Julia: My grandfather hated Andy.  He was always yelling at us on the phone, "I TOLD JOE TO TAKE HIM OUT!  WHY DOESN"T HE LISTEN?!"

Stacey: Why did he hate him? He's been quite good.

Julia: Well this was many years ago.

Stacey: Well he was good years ago, right?

Julia: I think that actually his problem was with Joe Torre, who seemed to always leave pitchers in a little too long

Stacey: Ah. Sad that Andy had to bear the brunt.

Julia: Papa couldn't openly hate on Joe because he's Italian. Anyway, Andy is like a fine wine.  He gets better with age.

Stacey: Yes well I'm over him.

Julia: I'm still under him. You gotta come to that bar with the bartender who looks just like him with me sometime.

Anthony: Except that that bartender is attractive

Stacey: Andy Pettitte: But Attractive

Stacey: I don't think I have any more questions. Is there anything else you want to say to the Orioles fans?
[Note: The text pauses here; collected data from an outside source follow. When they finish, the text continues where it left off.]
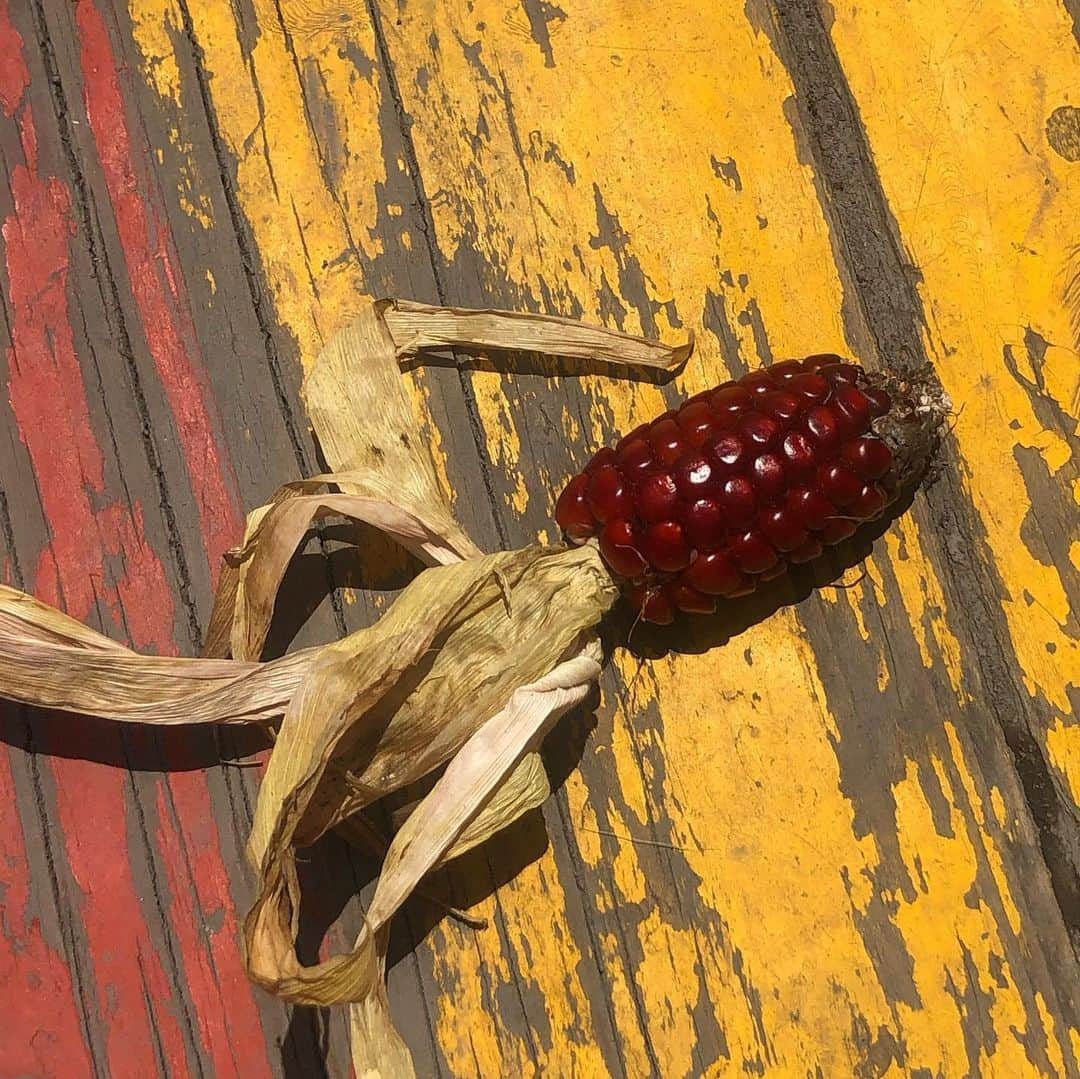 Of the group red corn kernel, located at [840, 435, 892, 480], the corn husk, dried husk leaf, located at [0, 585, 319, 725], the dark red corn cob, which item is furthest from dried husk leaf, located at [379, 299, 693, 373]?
dried husk leaf, located at [0, 585, 319, 725]

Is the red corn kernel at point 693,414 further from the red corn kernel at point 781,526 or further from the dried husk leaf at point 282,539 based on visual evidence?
the dried husk leaf at point 282,539

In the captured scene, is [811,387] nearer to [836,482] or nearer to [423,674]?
[836,482]

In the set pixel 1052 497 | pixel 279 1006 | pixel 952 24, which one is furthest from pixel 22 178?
pixel 1052 497

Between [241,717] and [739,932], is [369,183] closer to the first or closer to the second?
[241,717]

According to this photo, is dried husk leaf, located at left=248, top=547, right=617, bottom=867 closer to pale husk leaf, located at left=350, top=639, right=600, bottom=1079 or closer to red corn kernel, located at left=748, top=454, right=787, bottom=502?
pale husk leaf, located at left=350, top=639, right=600, bottom=1079

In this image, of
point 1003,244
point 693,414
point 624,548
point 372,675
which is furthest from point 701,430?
point 1003,244

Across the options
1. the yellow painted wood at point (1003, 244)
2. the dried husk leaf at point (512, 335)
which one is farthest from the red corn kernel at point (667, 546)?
the yellow painted wood at point (1003, 244)
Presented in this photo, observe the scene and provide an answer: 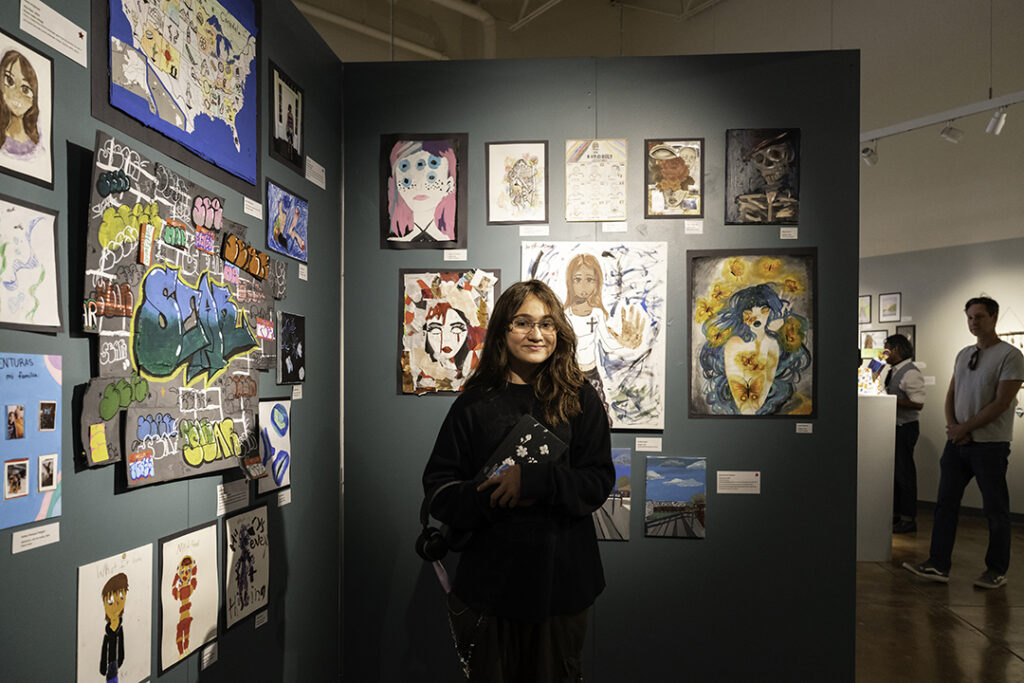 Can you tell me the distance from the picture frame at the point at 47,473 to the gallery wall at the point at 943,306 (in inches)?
292

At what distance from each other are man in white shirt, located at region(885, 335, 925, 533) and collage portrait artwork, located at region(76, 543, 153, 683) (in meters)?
6.55

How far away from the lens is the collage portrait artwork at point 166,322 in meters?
1.56

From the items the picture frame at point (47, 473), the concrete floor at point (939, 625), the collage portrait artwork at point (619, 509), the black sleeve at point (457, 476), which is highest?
the picture frame at point (47, 473)

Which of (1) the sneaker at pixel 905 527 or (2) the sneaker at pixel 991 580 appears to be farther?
(1) the sneaker at pixel 905 527

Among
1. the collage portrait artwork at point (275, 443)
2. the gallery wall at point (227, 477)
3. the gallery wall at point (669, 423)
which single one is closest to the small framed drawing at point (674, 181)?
the gallery wall at point (669, 423)

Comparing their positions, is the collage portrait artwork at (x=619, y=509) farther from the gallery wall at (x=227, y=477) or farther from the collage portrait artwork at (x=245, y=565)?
the collage portrait artwork at (x=245, y=565)

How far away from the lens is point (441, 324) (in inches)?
121

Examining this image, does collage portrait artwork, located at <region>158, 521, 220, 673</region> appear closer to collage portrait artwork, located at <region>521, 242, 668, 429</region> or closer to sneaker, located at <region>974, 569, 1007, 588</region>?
collage portrait artwork, located at <region>521, 242, 668, 429</region>

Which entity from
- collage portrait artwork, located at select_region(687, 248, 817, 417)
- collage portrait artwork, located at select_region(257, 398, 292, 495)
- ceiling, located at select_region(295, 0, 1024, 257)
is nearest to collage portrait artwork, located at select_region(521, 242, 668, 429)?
collage portrait artwork, located at select_region(687, 248, 817, 417)

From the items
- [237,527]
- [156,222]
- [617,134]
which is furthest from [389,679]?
[617,134]

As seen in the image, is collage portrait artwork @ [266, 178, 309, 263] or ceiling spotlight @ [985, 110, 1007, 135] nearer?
collage portrait artwork @ [266, 178, 309, 263]

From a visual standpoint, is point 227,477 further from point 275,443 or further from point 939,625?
point 939,625

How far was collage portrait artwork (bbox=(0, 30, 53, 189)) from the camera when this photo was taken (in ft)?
4.32

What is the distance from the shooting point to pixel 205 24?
6.66 ft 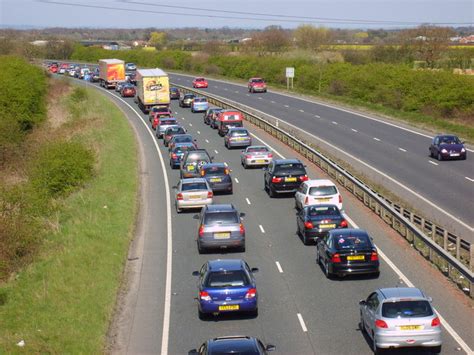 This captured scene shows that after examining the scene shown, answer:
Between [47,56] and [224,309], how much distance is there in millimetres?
181041

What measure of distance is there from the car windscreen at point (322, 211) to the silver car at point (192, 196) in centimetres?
654

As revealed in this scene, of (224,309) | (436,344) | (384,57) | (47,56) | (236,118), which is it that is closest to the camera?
(436,344)

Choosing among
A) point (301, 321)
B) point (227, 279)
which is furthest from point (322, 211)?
point (227, 279)

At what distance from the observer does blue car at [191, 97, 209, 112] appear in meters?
74.7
Julia: Please beat the Red Sox.

Stacey: We'll do what we can, but we won't actually be playing them. We're just the fans.

Julia: Please bring baseball bats into the city and beat up the Red Sox fans.

Stacey: That we can do.

Julia: Also, I'm not an asshole.

Stacey You're declaring that you're not an asshole?

Julia: Are you disagreeing with me?

Anthony: I am. 60% of the time.

Julia: HAHAHAH. That's true

Stacey: OK well thanks for doing this. It might be my best work yet.

Julia: hahahahaha, happy to help. Are your internet friends going to hate us?

Stacey: If they do, then I'll hate them. Because y'all are my favorite.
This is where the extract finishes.